§ **Exercise instructions**
The entries below contain a line with "Grateful Dead Skirt" and a line with "Tazas Personalizadas en". Retype exactly everything from the first down to the second, both included, and nothing else.

*** Opening Dataset entries ***

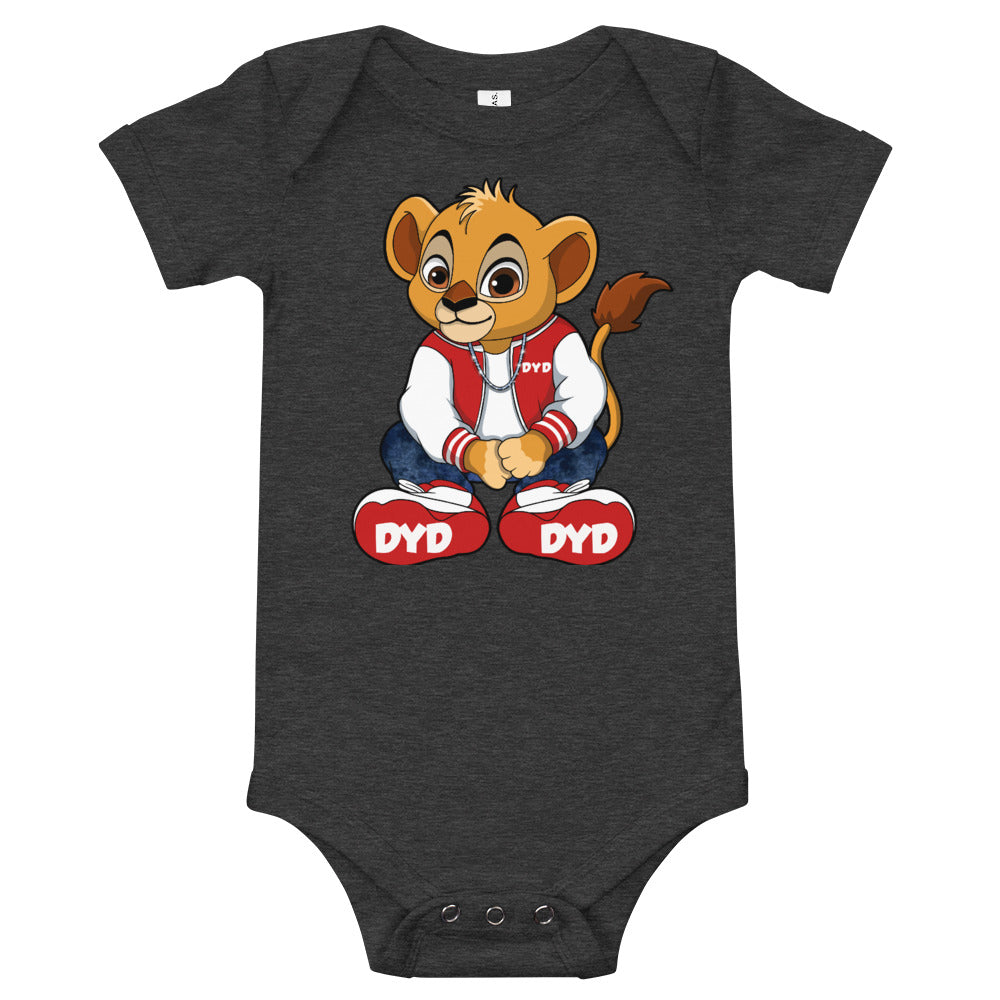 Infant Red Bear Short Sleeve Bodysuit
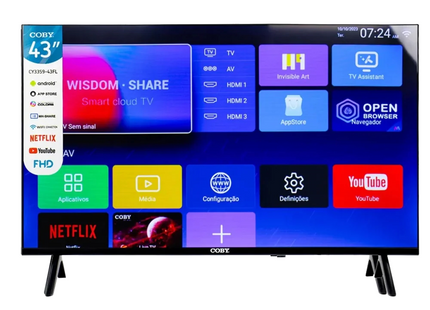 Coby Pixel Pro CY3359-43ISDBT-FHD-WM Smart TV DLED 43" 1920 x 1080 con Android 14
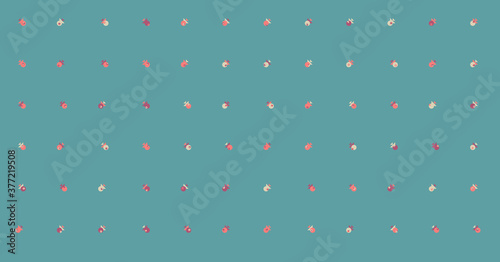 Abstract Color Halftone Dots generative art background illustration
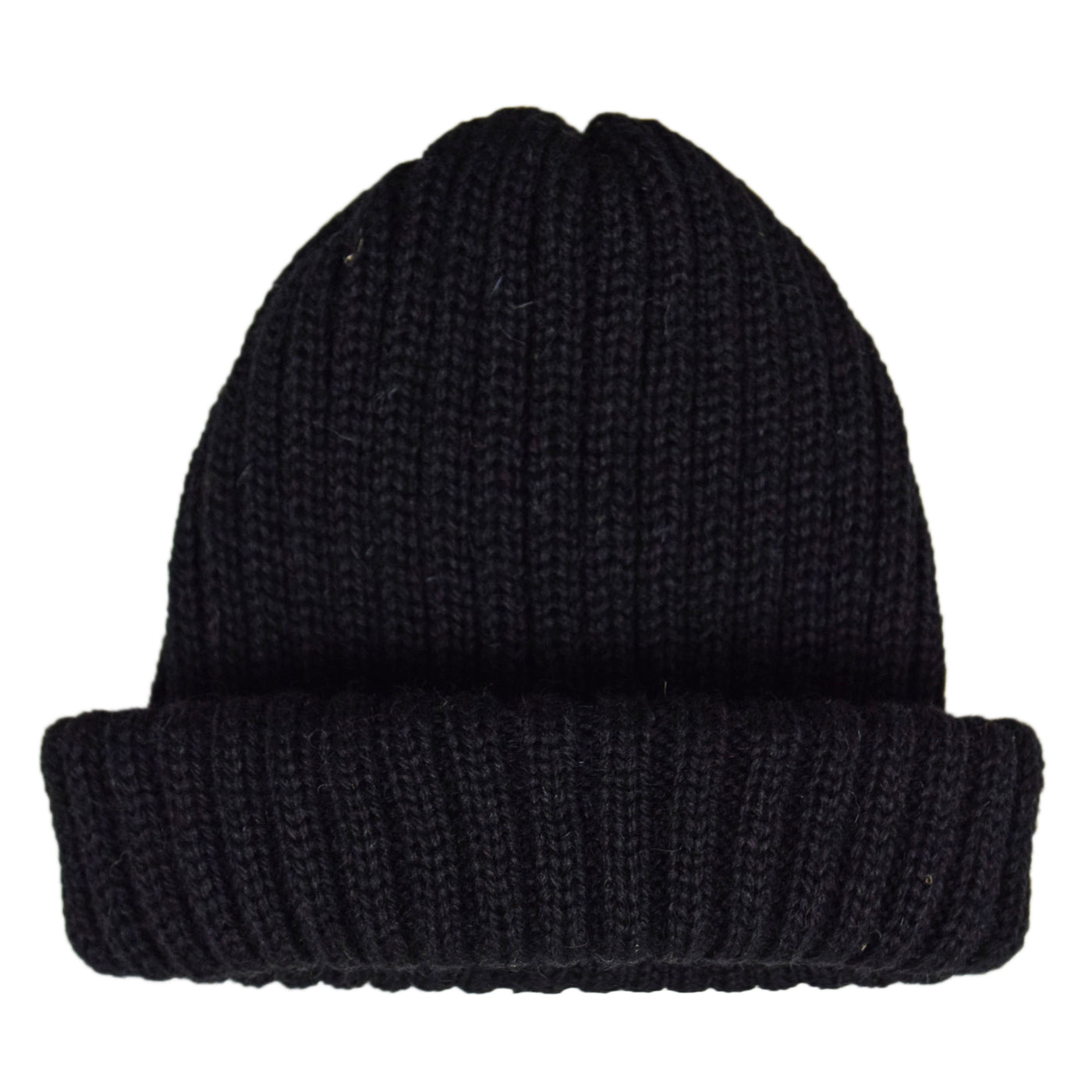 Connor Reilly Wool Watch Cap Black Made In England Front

*** Closing Dataset entries ***
*** Opening Dataset entries ***

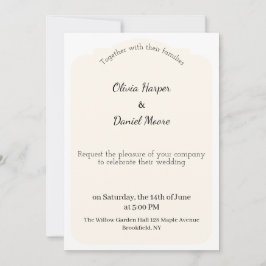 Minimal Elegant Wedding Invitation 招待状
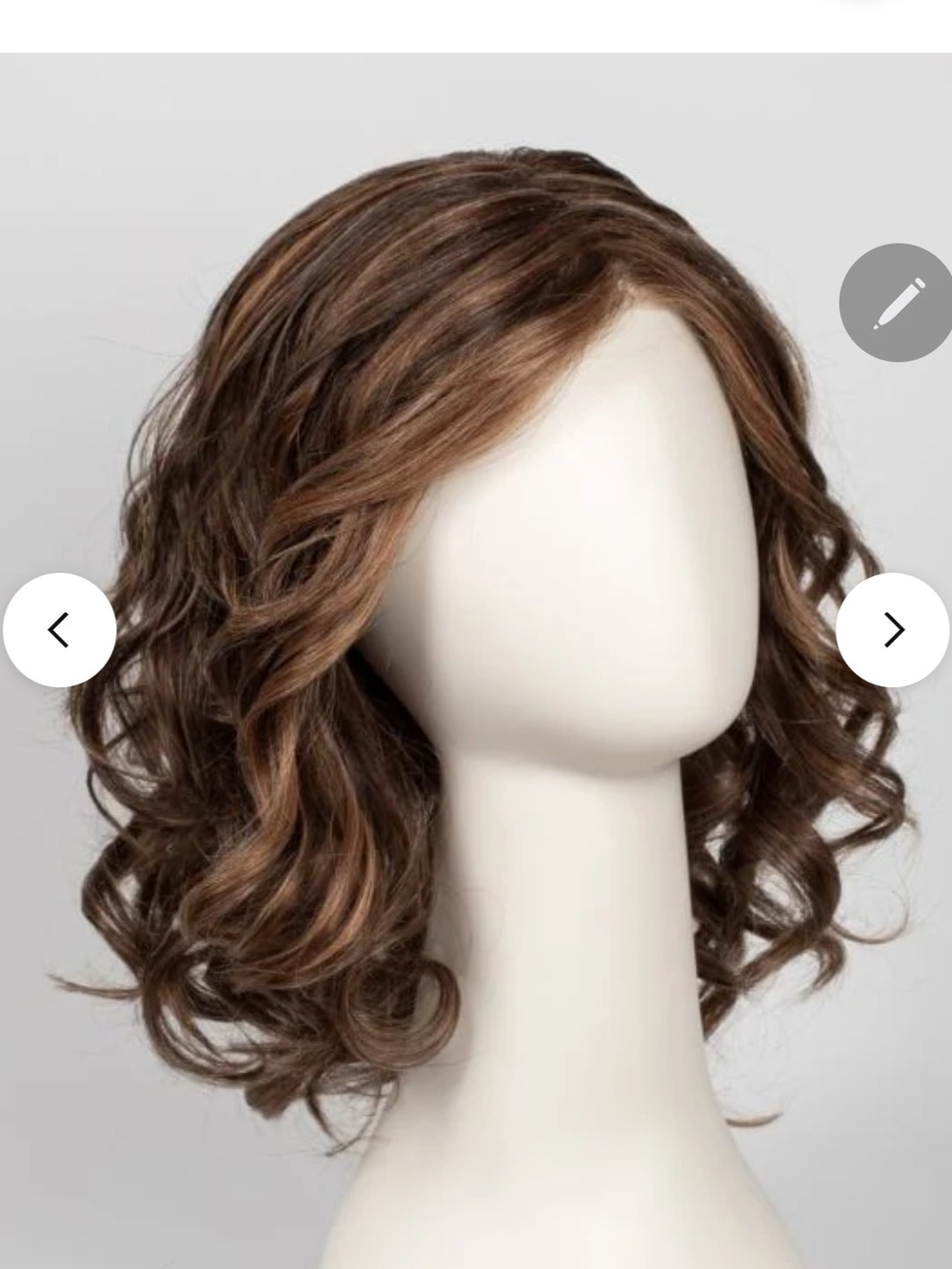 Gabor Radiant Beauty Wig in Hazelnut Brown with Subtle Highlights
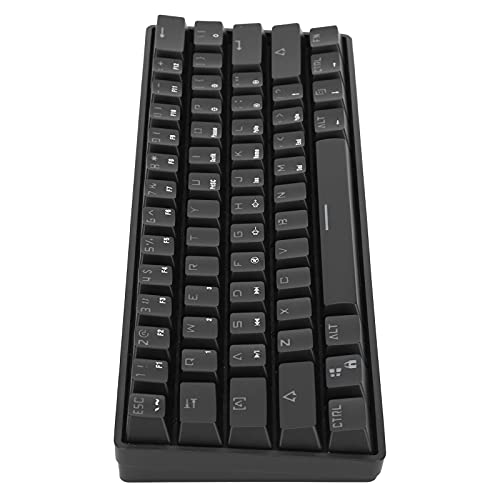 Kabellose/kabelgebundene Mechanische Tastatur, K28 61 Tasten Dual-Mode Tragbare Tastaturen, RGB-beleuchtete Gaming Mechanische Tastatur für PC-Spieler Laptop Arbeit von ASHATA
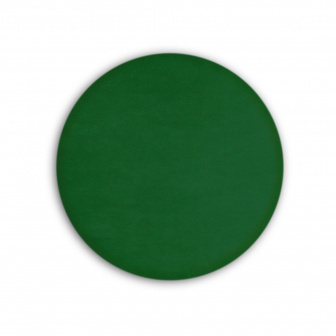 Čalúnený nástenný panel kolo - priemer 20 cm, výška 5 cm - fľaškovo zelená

*** Closing Dataset entries ***
*** Opening Dataset entries ***

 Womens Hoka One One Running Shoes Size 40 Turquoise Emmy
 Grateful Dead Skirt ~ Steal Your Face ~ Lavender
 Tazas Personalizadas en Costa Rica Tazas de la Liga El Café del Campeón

*** Closing Dataset entries ***

§ **Result for this task**
 Grateful Dead Skirt ~ Steal Your Face ~ Lavender
 Tazas Personalizadas en Costa Rica Tazas de la Liga El Café del Campeón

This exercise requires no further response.